Teachers wanted: understanding and solving teacher shortages

By:

Scholarship

Imagine you were a fifth-grade student at a U.S. public elementary school, and your teacher left halfway through the year. For the rest of the year, you had substitute teachers because no replacement was available. Sometimes your class was separated and grouped with other classes, sometimes in other grades. And this wasn’t just happening in your classroom; similar situations were happening throughout other grade levels and types of classrooms, including special education classes. The stress of new teachers each day or week, the inconsistency of routine and teaching styles, all of the unknowns. This would inevitably affect your learning, your ability to develop relationships with teachers, and potentially even your outlook on school in general.

Teacher shortages are a very serious problem with very serious consequences. How can we expect children to learn and achieve if they do not have constant, qualified teachers? We shouldn’t, but we are asking this of them every day as students show up to classrooms without permanent teachers. Districts in many states are realizing, at minimum, that education policies need to change or this problem will persist. Teacher shortages are complicated, and not just a matter of paying teachers more (although they should be). The current teacher shortage reflects very real social and racial inequities in our current U.S education landscape.

With the goal of better understanding teacher shortage, a team of researchers at the Learning Policy Institute (https://learningpolicyinstitute.org/) led by Linda Darling-Hammond has been delving deep into the issue, examining teacher supply and demand, recruitment and retention, attrition, and turnover to find some answers. The fruits of their efforts appear in a recent EPAA special issue edited by Darling-Hammond and Anne Podolsky, titled “Understanding and Solving Teacher Shortages: Policy Strategies for a Strong Profession.”

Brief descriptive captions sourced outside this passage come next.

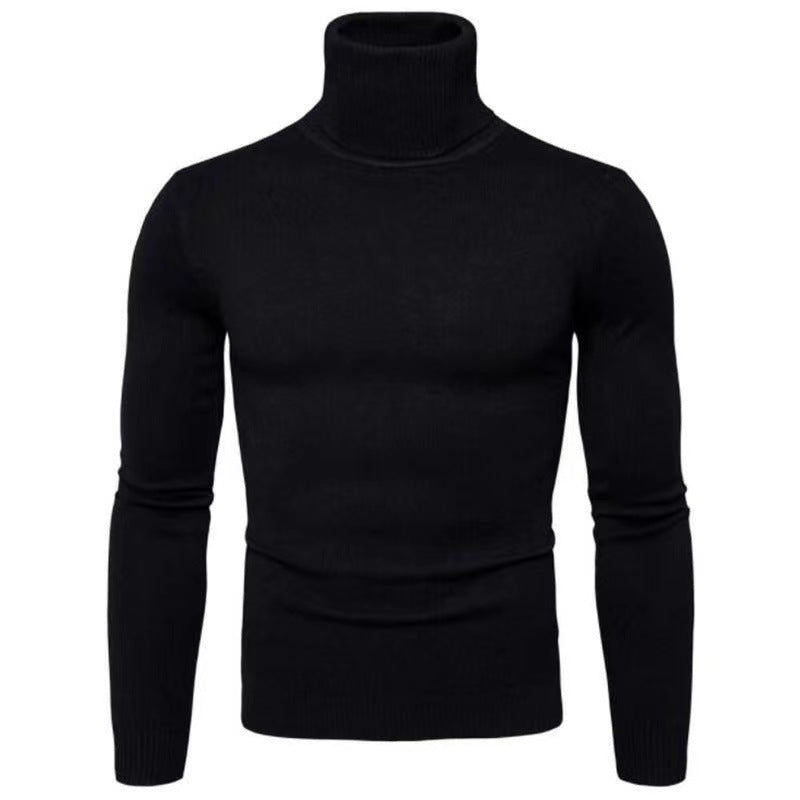 Herren Rollkragenpullover Baumwolle Hochwertig Elegannt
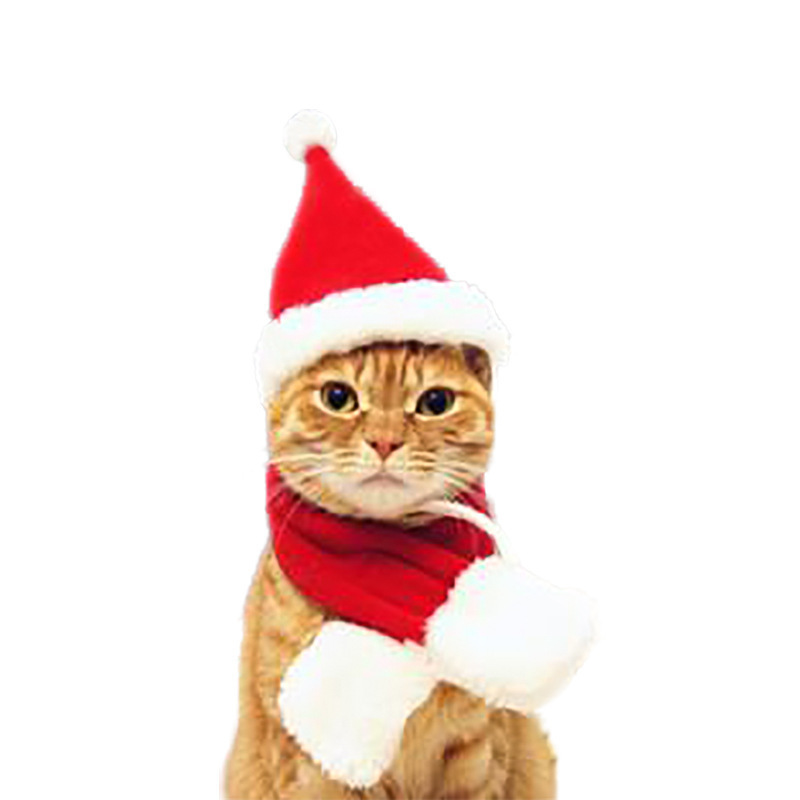 Jiangshun OEM ODM fashion other pet products cat christmas dress up hat cloak headdress scarf for catdog cape Christmas clothes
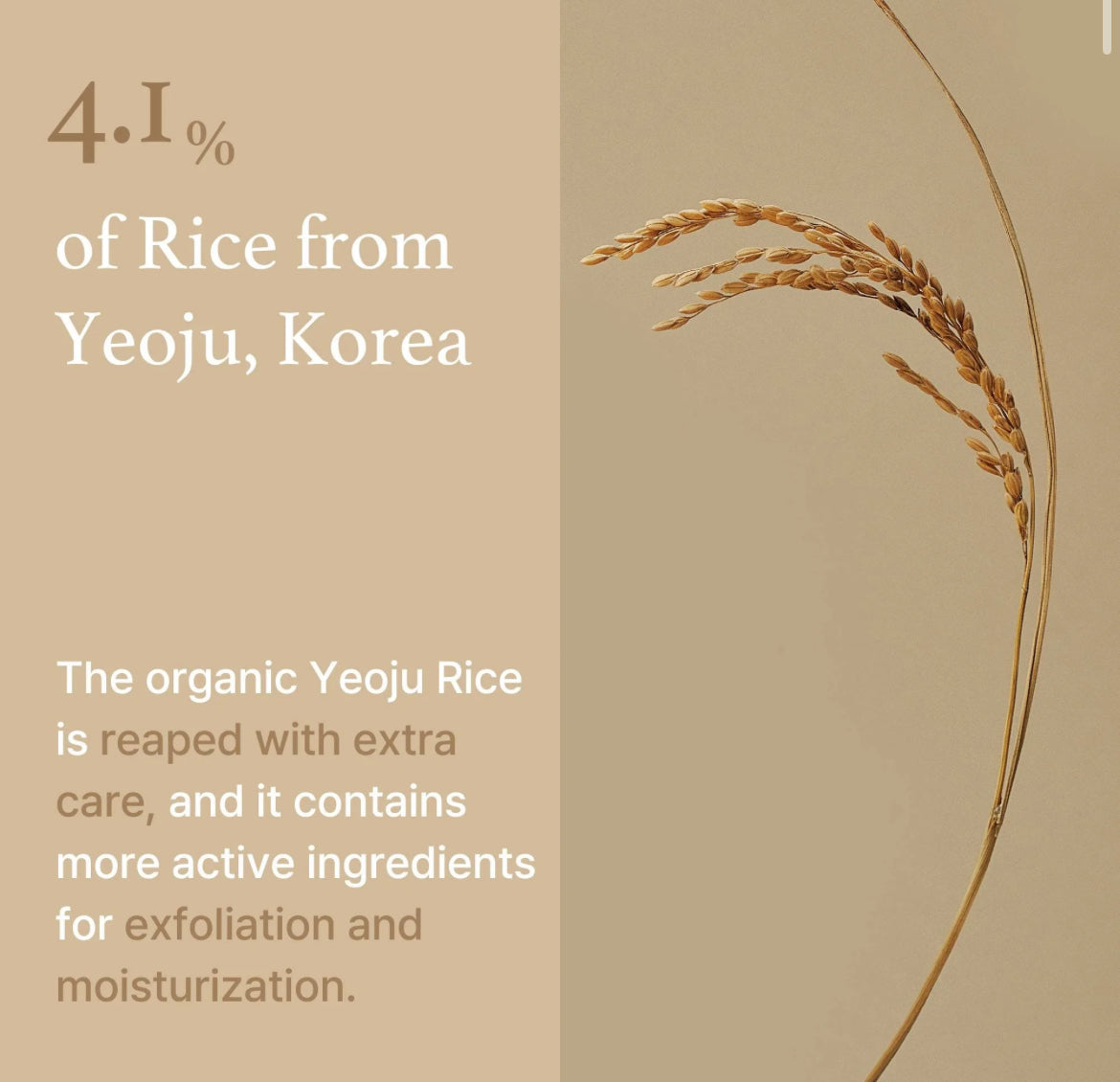 [I’m from] Rice Mask 30g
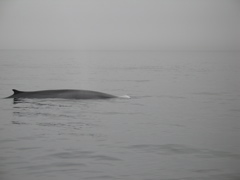 IMG_0114.JPG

As indicated by the growth of the #RedforEd movement and new teacher walkouts each month in states across the nation, the teacher shortage problem seems to only be getting worse. Whether you are familiar with the issue or just tuning in, I invite you to skim through the special issue, starting with the introduction (https://epaa.asu.edu/ojs/article/view/4633) that gives the backdrop for the current problem and discusses policies that have the potential to “break the cycle of shortages” that are hurting U.S. schools and students. Gaining a deeper grasp of a pressing problem is always a good starting point toward change, and the futures of U.S public school students depend on it.